Brook Trout and Lake Trout are the only trout native to Ontario, and Brookies are an extremely fragile species, dependant on clear, clean, cold water for survival. Any degradation of their environment is a threat to their survival; they are the “canary in the coal mine,” the first warning sign of trouble in a watershed.
Twelve Mile Creek, which has one of its sources right in Fonthill, is the only cold water stream system in Niagara capable of holding Brook Trout. There is anecdotal evidence from anglers, Conservation Officers, and landowners that a small population of Brook Trout still survives in the headwaters of the system, maybe downstream as far as Short Hills Provincial Park. Old-timers tell tales of plentiful Brookies in the Twelve back in the 40’s and 50’s, but sightings now are rare.
Enter Trout Unlimited Canada (TUC). This is a conservation organization, made up mostly, it must be admitted, of anglers. Like Ducks Unlimited (whose members are mostly hunters), which seeks to preserve wetlands as habitat for waterfowl, TUC seeks to maintain its sport by conserving and enhancing the environment that makes the sport possible. (The difference between the two is that, by and large, the ducks do not survive their encounters with members of the organization, while the trout do, since most fly fishers practice catch and release.) Regardless of the underlying motivation of these groups, the work they do to preserve, protect, and enhance Canada’s natural environment is beyond reproach.

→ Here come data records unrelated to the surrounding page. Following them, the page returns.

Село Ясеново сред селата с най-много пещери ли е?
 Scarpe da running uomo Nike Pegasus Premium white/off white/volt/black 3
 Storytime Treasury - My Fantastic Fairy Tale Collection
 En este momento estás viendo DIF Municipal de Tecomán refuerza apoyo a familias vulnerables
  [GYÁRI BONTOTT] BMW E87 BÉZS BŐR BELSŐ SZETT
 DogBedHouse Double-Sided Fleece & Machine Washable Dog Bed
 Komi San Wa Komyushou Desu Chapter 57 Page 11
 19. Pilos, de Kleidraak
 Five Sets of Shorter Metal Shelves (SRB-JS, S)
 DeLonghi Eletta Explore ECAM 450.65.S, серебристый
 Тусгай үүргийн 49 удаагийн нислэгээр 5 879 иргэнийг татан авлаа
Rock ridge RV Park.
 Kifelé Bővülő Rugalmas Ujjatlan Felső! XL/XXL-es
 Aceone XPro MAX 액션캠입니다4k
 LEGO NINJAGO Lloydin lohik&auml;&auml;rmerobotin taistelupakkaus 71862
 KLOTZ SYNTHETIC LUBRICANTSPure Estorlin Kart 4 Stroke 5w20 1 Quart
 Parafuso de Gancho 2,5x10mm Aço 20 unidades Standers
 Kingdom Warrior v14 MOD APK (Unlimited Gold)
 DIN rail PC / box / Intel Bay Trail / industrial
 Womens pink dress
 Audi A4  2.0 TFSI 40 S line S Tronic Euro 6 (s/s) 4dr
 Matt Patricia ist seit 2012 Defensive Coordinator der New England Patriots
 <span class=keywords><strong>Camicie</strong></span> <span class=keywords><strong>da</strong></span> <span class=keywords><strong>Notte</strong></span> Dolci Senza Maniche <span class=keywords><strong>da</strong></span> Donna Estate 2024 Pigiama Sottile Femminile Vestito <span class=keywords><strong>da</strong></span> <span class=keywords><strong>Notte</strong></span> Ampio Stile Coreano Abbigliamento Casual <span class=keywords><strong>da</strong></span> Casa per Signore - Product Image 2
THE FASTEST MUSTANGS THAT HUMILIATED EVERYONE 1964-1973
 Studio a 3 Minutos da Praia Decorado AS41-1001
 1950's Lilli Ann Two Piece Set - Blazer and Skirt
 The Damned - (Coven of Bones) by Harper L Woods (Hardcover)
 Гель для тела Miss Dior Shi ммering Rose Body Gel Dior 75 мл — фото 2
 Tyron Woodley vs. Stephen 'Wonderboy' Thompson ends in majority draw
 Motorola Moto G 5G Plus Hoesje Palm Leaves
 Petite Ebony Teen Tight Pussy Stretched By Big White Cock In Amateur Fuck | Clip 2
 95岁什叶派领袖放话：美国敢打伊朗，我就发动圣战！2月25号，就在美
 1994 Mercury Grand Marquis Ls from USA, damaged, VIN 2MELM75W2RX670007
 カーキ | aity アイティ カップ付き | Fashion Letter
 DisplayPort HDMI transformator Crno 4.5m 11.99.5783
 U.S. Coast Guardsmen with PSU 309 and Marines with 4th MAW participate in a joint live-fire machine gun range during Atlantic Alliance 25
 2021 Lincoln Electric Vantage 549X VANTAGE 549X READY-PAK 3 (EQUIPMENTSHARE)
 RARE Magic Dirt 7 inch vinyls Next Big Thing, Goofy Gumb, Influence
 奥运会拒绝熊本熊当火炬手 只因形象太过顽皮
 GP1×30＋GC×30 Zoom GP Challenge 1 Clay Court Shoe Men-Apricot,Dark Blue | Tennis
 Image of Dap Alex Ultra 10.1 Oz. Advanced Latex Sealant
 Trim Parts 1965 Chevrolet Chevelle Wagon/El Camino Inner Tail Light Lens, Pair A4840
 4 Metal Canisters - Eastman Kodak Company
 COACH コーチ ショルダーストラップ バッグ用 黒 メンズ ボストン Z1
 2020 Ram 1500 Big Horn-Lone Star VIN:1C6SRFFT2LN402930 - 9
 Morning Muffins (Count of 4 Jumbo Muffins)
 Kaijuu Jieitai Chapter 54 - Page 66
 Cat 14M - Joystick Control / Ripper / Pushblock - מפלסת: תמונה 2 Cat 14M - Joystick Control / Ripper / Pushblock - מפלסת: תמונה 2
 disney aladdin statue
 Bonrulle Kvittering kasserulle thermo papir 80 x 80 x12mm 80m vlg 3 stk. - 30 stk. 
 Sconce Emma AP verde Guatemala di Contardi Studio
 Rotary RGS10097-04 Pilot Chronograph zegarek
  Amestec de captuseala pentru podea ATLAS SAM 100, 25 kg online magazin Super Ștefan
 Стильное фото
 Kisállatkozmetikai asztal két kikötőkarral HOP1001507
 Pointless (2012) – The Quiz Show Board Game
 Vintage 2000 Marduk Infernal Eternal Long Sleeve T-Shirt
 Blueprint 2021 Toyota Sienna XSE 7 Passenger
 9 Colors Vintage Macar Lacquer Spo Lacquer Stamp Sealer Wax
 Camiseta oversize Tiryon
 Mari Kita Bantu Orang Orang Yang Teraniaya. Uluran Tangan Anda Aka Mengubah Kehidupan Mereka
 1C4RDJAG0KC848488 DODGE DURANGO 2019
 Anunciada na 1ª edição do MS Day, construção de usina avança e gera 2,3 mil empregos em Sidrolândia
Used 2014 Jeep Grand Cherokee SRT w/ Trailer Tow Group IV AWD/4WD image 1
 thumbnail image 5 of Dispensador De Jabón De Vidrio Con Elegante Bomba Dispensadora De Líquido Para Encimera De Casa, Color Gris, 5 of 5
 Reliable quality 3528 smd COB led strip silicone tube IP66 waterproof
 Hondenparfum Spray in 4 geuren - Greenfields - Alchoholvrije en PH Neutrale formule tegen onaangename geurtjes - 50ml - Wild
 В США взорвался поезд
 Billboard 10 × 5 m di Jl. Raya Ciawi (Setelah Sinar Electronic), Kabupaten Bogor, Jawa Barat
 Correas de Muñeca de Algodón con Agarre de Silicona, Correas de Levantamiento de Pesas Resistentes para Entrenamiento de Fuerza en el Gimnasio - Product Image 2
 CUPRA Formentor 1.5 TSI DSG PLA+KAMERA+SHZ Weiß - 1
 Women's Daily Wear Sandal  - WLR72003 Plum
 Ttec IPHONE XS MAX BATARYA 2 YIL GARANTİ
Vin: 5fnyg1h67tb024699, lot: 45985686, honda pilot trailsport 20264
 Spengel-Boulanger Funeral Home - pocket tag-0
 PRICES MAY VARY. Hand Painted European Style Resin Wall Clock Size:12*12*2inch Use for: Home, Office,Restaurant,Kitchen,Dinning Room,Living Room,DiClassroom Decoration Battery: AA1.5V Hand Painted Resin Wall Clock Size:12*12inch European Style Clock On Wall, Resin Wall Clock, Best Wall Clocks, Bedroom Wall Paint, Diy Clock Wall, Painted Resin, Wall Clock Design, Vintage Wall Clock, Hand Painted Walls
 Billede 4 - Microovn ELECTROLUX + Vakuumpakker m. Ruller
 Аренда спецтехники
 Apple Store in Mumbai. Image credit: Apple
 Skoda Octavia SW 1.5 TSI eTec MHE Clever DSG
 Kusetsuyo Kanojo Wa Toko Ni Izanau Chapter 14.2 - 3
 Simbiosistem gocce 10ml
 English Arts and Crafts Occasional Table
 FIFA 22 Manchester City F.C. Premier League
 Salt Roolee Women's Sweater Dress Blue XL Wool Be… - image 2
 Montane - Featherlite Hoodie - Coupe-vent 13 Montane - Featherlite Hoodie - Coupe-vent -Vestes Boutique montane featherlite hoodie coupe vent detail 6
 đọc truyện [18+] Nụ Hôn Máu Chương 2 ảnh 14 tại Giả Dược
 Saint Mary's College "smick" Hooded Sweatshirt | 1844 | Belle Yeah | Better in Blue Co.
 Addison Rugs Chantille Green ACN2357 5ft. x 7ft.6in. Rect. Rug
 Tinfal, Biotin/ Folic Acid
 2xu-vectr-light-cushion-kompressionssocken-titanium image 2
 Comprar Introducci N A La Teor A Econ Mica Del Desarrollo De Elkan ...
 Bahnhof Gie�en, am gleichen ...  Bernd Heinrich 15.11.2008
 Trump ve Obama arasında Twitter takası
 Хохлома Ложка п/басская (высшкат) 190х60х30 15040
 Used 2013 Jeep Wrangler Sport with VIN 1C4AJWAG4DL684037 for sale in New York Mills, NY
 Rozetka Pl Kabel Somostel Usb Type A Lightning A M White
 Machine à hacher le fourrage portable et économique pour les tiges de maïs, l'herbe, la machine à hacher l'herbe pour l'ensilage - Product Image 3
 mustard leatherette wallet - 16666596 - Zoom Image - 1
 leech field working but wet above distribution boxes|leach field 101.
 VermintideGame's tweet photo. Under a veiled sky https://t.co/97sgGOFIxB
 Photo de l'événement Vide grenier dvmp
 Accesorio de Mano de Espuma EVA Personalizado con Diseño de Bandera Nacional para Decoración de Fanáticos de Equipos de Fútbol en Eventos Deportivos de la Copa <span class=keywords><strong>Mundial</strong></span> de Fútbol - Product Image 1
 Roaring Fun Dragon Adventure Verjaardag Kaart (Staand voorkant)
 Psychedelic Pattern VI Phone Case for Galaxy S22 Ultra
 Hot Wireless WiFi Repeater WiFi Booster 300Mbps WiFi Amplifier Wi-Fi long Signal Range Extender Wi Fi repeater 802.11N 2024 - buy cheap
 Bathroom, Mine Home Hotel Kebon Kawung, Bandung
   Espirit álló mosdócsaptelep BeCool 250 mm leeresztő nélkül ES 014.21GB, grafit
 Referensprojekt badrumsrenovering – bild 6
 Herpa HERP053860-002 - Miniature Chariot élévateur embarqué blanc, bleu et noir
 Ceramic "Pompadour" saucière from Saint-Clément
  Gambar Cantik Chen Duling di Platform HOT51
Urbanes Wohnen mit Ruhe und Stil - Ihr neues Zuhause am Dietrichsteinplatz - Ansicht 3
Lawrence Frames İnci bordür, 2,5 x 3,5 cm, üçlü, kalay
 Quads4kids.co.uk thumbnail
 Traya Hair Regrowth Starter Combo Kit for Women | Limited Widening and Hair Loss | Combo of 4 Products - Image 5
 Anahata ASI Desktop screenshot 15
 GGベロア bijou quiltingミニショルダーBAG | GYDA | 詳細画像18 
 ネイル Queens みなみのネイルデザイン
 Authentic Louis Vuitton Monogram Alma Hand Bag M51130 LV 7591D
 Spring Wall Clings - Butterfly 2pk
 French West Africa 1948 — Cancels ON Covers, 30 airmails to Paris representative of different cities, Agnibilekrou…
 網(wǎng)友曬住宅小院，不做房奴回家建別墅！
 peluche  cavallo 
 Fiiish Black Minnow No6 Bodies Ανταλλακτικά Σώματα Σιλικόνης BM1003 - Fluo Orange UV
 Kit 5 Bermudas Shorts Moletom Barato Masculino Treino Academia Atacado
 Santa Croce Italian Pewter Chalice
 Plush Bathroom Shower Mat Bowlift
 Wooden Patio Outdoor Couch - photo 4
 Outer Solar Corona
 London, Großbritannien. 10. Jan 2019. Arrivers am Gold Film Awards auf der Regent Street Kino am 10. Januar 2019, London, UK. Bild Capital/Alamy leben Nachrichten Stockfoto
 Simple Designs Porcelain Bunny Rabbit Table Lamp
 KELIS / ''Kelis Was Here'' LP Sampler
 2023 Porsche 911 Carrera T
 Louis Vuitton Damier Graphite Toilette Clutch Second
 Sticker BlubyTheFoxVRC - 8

The Niagara Chapter of Trout Unlimited Canada is recently formed, but has already begun making plans for the enhancement of the Twelve Mile Creek watershed. Working closely with the Niagara Peninsula Conservation Authority, Short Hills Provincial Park, Niagara College’s Ecosystem Restoration Program, Niagara Conservancy, and other interested organizations, Trout Unlimited is in the process of putting in place a plan to study one stretch of the stream to determine scientifically if Brook Trout inhabit it, what the barriers are to their survival and success, and how to improve the stream. Working one stretch at a time, their goal is to make a significant contribution to the health of this unique watershed.
What’s all this got to do with Slow Food? One of the most important mandates of the Slow Food Movement is the preservation and enhancement of our environment. This can be achieved through the protection of agricultural land, through sustainable farming practices, and through efforts such as those now being undertaken by the Niagara Chapter of Trout Unlimited Canada.